To be considered, NASA says candidates must meet specific physical and education requirements, be willing to take part in a multi-day selection process, and pass NASA’s physical and psychological assessments. The application and related requirements are available on the Moon and Mars Exploration Analog web page (and the recruitment page noted by NASA). NASA also emphasizes motivation and fit: candidates should have a strong desire for unique, rewarding experiences and interest in contributing to NASA’s work to prepare for extended stays on the lunar surface and the first crewed mission to Mars.

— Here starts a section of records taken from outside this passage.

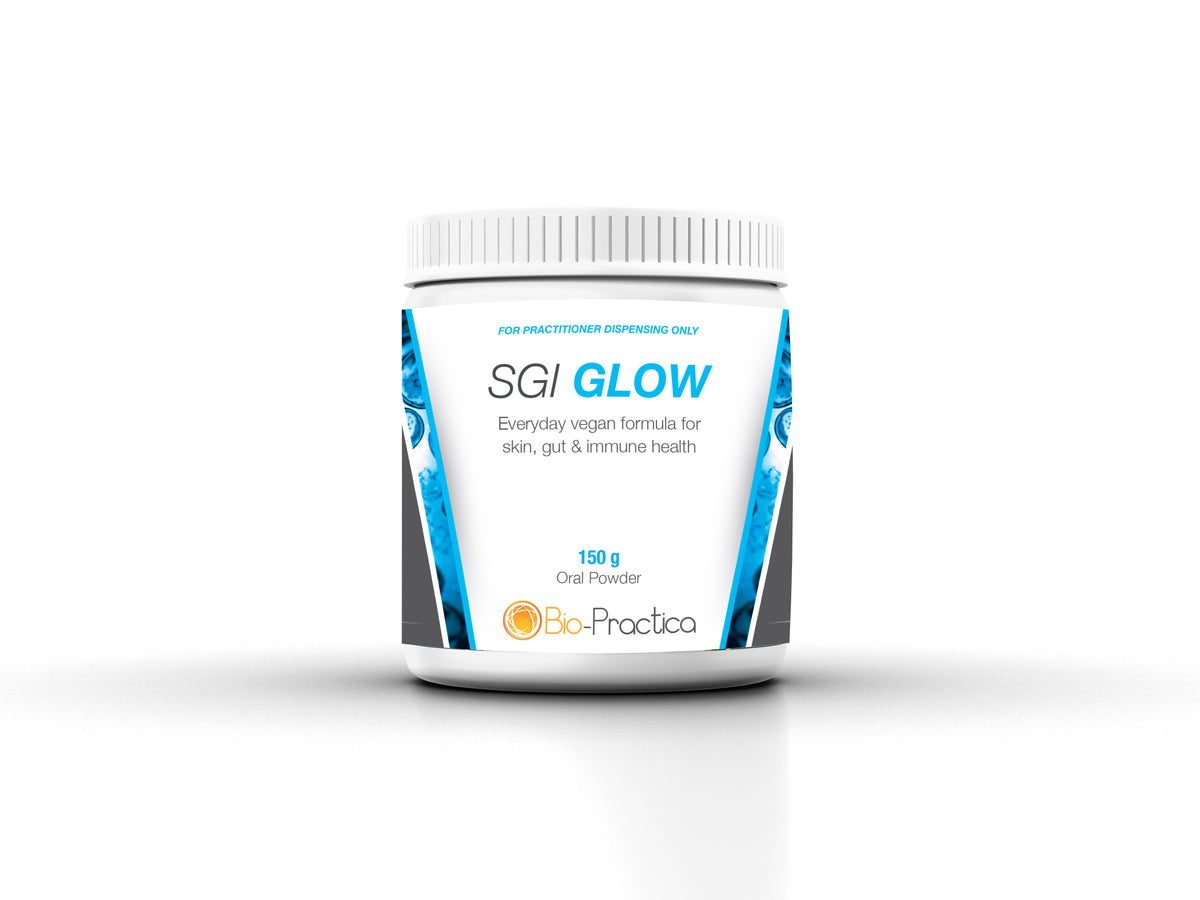 A supplement container of SGI GLOW by Bio-Practica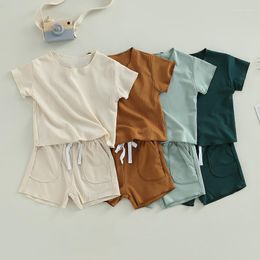 Clothing Sets Infant Boys Girls Summer Clothes Outfits Solid Colour Crew Neck Short Sleeve T-Shirts And Elastic Waist Shorts Suit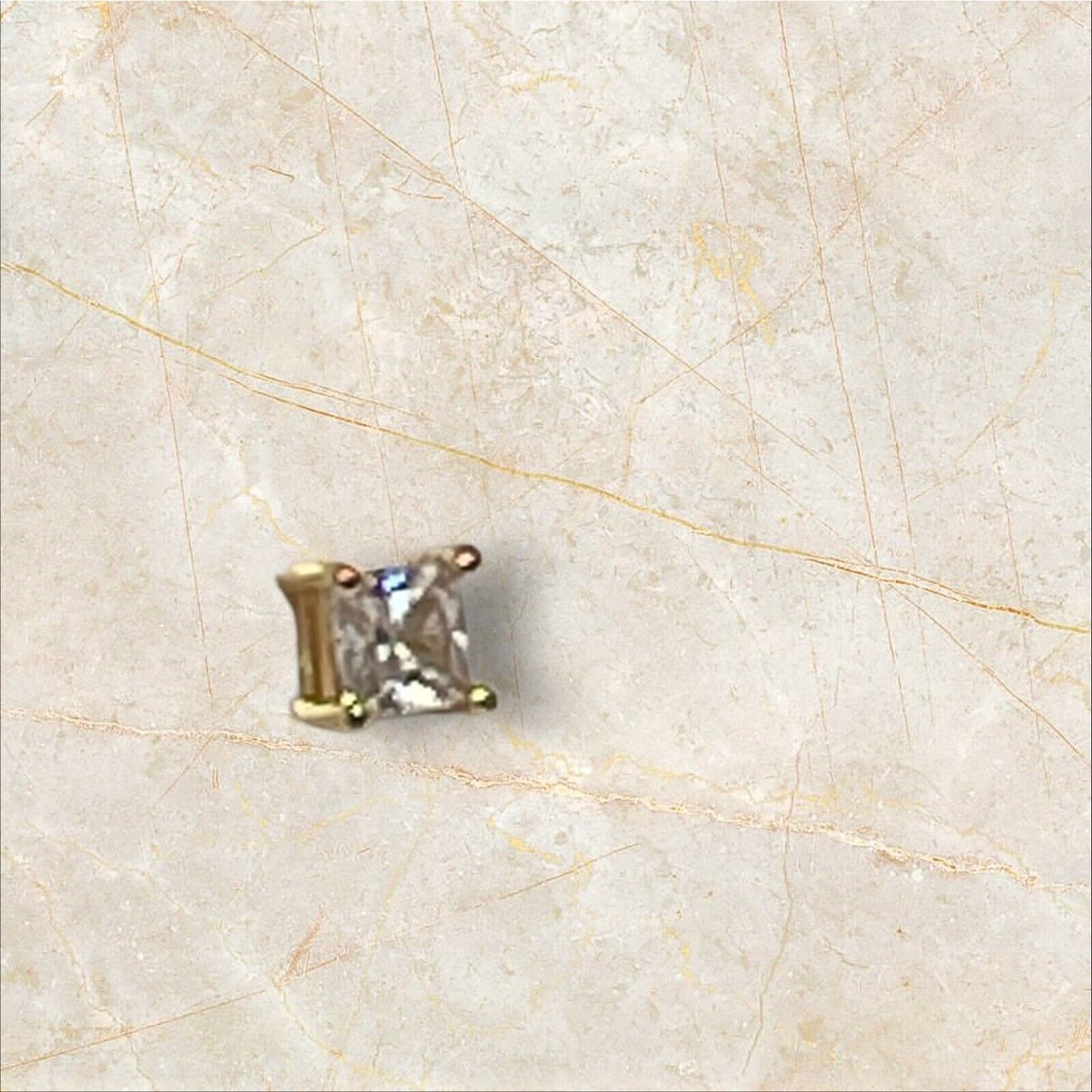 18K Gold Plate CZ Stud Earrings Chic Trendy Fashion Glitz Bling Cocktail Elegant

The broader context is NASA’s “Golden Age of innovation and exploration,” as the agency describes it, with an emphasis on increasingly difficult missions to explore more of the Moon for scientific discovery, economic benefits, and the goal of establishing an enduring human presence on the lunar surface. From a strategic standpoint, this analog is a bridge between the Artemis-era push for lunar operations and the longer-range challenge of sustained stays and first crewed Mars efforts. If you are a peer decision-maker watching human spaceflight timelines, the headline lesson is straightforward: NASA is trying to compress learning cycles by moving critical unknowns into a one-year, Earth-based stress environment now, so future crews can spend more time doing mission work and less time improvising under conditions no one has enough data on yet.